Since the listing below shows pictures, leave them out and write out exactly the lines from the line with "Balenciaga 巴黎世家 字母Logo印花" to the line with "Ortho Molecular Time", both included, and no others.

Segment Start: PROVIDED DATA

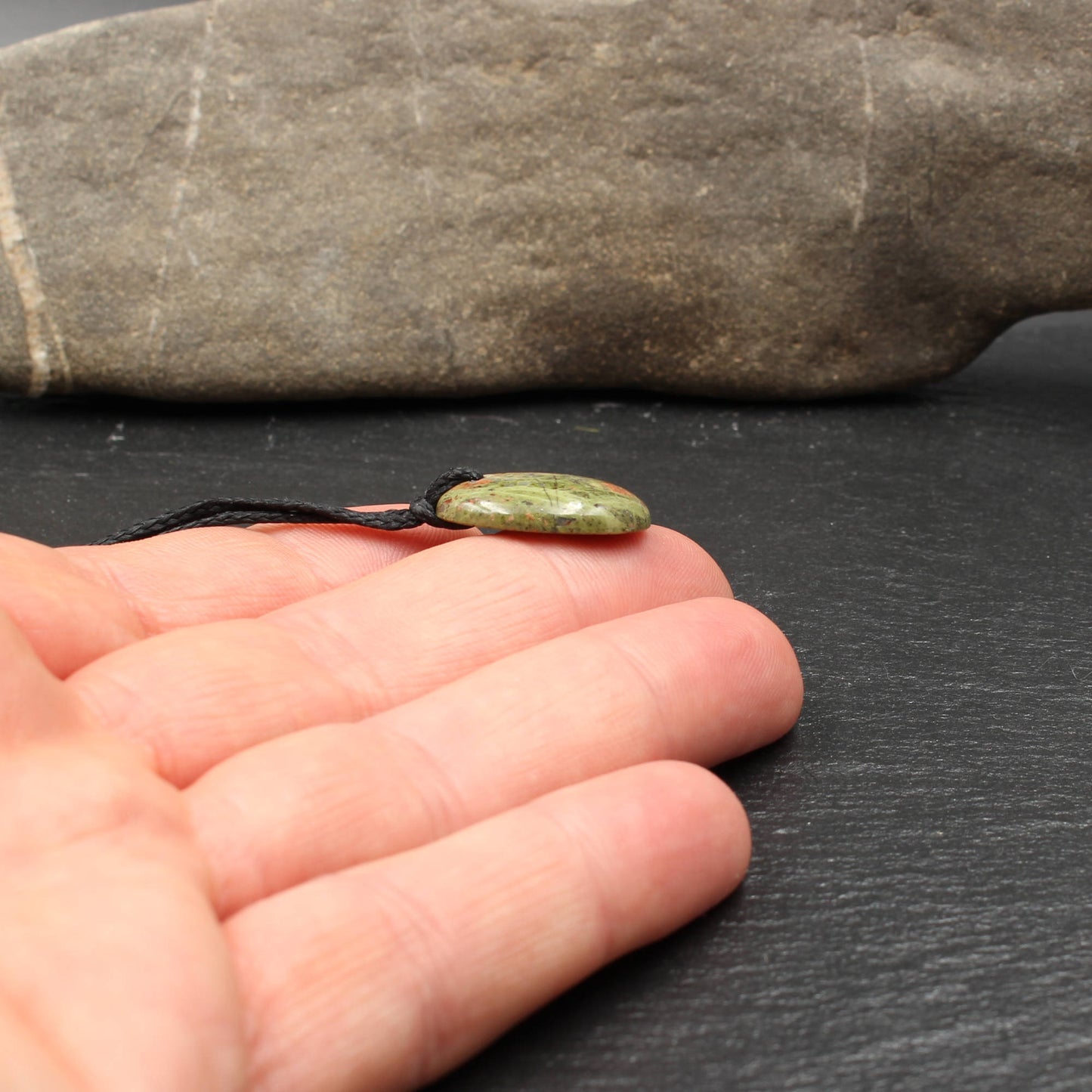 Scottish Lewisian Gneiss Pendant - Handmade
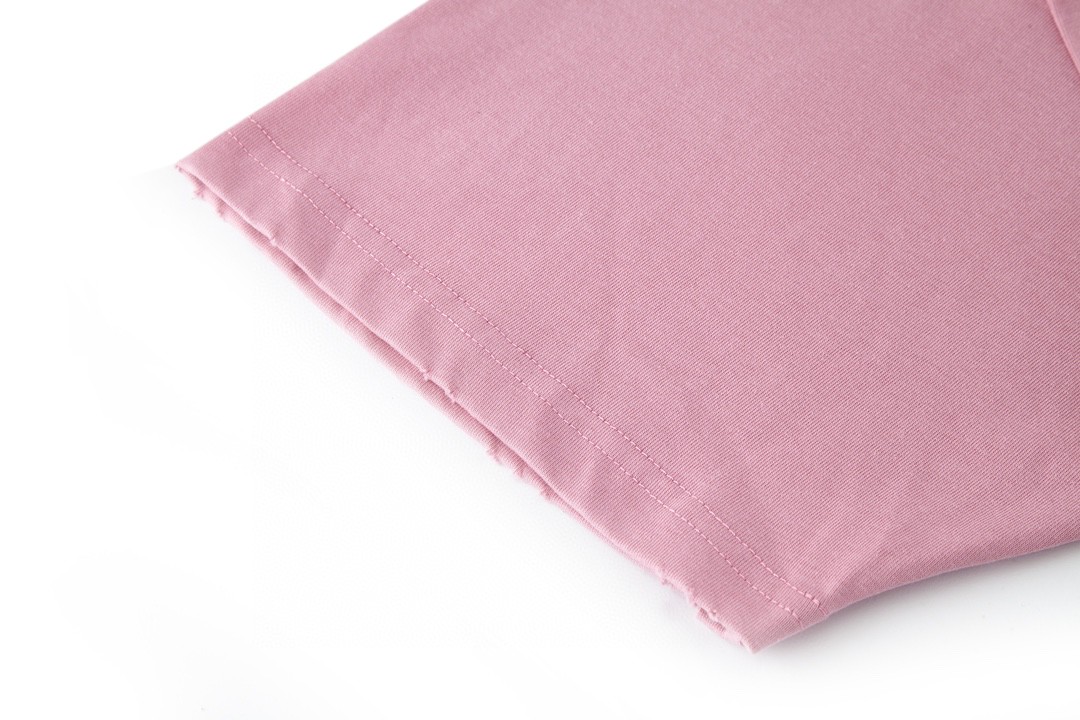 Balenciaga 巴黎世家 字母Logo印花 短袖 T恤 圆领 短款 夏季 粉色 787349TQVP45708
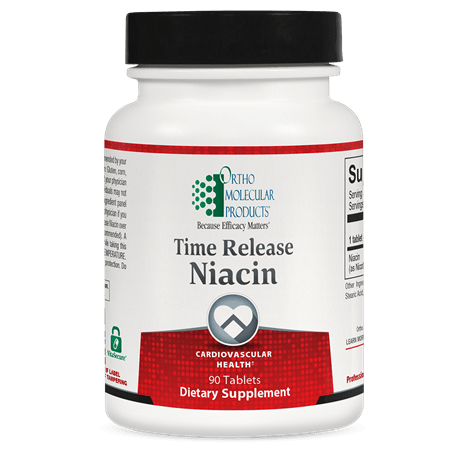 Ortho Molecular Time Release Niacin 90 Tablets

Segment End: PROVIDED DATA
Segment Start: PROVIDED DATA

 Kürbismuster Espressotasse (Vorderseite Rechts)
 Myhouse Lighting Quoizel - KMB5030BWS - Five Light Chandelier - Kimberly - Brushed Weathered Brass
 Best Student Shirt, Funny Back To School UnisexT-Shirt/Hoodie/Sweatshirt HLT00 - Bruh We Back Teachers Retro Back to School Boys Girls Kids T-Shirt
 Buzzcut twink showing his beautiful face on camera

Segment End: PROVIDED DATA

__REPLY__:
 Balenciaga 巴黎世家 字母Logo印花 短袖 T恤 圆领 短款 夏季 粉色 787349TQVP45708
 Ortho Molecular Time Release Niacin 90 Tablets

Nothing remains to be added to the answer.